___ DATA EXTRACT ___
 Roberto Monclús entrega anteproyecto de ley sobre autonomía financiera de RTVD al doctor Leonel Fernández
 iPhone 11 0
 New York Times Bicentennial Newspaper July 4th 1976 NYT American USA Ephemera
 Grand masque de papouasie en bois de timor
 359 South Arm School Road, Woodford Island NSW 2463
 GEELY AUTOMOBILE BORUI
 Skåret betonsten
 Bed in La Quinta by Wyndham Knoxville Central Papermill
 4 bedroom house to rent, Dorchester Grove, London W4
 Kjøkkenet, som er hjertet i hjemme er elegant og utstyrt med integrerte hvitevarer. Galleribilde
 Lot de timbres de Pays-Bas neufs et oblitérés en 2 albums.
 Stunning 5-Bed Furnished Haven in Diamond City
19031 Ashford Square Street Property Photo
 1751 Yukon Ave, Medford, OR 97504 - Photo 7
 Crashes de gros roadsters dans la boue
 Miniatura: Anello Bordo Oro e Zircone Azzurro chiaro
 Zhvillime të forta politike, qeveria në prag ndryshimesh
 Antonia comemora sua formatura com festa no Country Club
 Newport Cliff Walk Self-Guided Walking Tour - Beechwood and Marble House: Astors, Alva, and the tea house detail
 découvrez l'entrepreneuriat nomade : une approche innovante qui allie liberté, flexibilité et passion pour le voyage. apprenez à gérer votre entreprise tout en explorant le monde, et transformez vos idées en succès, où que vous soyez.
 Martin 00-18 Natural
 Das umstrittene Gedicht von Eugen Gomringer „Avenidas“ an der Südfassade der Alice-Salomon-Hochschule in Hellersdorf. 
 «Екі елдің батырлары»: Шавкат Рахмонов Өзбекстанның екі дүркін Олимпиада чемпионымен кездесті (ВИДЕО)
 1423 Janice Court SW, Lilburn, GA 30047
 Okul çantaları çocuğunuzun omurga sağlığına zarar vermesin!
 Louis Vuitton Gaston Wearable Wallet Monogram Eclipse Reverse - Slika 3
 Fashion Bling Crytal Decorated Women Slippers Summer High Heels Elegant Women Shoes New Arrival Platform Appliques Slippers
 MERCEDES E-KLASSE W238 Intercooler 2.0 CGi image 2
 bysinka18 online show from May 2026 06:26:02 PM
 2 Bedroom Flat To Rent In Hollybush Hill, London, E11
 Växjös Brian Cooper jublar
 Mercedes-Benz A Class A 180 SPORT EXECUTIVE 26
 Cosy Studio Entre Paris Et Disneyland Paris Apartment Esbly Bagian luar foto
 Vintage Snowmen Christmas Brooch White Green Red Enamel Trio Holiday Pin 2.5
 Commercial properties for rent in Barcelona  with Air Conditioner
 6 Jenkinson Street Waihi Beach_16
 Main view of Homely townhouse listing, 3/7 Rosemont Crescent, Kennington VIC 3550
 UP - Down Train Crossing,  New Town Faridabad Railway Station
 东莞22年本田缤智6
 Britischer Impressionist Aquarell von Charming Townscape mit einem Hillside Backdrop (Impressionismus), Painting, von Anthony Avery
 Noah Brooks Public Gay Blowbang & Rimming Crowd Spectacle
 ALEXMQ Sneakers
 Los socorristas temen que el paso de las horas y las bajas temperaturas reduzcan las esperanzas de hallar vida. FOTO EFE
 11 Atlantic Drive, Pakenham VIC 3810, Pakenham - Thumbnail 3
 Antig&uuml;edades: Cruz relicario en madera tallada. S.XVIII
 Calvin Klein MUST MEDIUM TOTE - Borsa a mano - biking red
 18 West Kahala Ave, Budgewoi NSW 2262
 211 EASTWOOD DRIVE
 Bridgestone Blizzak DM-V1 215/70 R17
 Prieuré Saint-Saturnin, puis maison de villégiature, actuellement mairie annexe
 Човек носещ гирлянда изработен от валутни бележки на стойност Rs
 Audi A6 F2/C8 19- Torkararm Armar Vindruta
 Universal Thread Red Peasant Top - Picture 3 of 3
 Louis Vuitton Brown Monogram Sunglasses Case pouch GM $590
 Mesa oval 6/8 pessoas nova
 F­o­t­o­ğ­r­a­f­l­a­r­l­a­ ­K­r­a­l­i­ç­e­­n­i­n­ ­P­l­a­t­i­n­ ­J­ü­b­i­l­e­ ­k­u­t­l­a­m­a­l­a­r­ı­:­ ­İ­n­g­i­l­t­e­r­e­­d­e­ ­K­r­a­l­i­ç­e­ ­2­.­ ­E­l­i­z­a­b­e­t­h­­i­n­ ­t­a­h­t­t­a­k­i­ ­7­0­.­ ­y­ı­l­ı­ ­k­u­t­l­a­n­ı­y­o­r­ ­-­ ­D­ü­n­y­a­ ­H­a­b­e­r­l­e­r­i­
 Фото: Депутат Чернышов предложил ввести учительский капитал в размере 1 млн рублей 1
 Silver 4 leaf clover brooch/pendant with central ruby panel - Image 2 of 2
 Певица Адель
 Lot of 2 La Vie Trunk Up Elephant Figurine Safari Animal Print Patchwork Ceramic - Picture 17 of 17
___
* WORK TASK *
Up to and including the line with "359 South Arm", print every line of the records from the start.

* RESULT FOR THIS EXERCISE *
 Roberto Monclús entrega anteproyecto de ley sobre autonomía financiera de RTVD al doctor Leonel Fernández
 iPhone 11 0
 New York Times Bicentennial Newspaper July 4th 1976 NYT American USA Ephemera
 Grand masque de papouasie en bois de timor
 359 South Arm School Road, Woodford Island NSW 2463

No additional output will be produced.